One of the great challenges to busy lawyers in law firms, corporate and government law departments, and other legal services organizations is to work better together as a team and to promote teamwork throughout the organization.
Unfortunately, many lawyers waste large amounts of money and fee earner time every year attending “teamwork” workshops and seminars.
These generic events usually center around “team building exercises.” This description is only half correct. It is true that they are academic exercises roughly based on concepts of teamwork. However, they do little to build the kind of internal leadership and collaboration that their organizations actually need. When the participants return from the workshop or seminar, any lessons learned quickly fade away because of their irrelevance to the work at hand and the changing nature of the delivery of legal services in highly competitive markets.

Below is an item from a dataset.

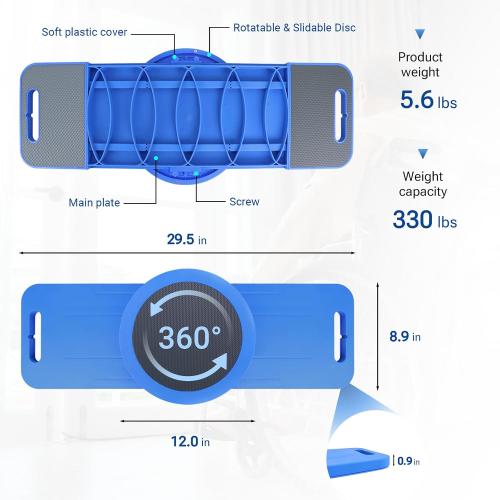 LOSCHEN Slide Transfer Board with Turntable, Slide Assist Device for Transferring or Seniors from Wheelchair to Bed, Toilet, Tub, Car - Slide Board with Turntable（Blue 29.5inch）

We recommend that you save your money.
Instead, we suggest to you that the best way to build teamwork in all parts of your organization is to do real work together in better ways. Acquire new concepts, skills, and methods that are relevant to managing your work and to solving the problems that you face. This is the most cost-effective way to make teamwork a self-sustaining part of your workplace culture and an integral part of your internal operations.
The Walker Clark approach is through a demonstration project. This is not an exercise or hypothetical case study. Instead, a demonstration project involves real work to solve real problems and capture real opportunities. It produces real results.
Working closely with a group selected by you, our facilitator introduces the concepts, tools, and methods that are relevant to the problem at hand, and then helps the group apply them to solve a real-life problem or opportunity in the your organization's operations. Because we focus on the operational level – where the work gets done – rather than strategic concepts, a broad cross-section of the firm is actively involved, not just the people at the top.
After the completion of the first demonstration project, which typically takes 45 to 60 days, that project team is then available to introduce the concepts, tools, and methods to others and to help them to solve other problems. This develops self-sustaining capabilities within the organization, rather long-term dependence on external consultants. This is consistent with our belief that “the people who do the work are best qualified to improve the work.”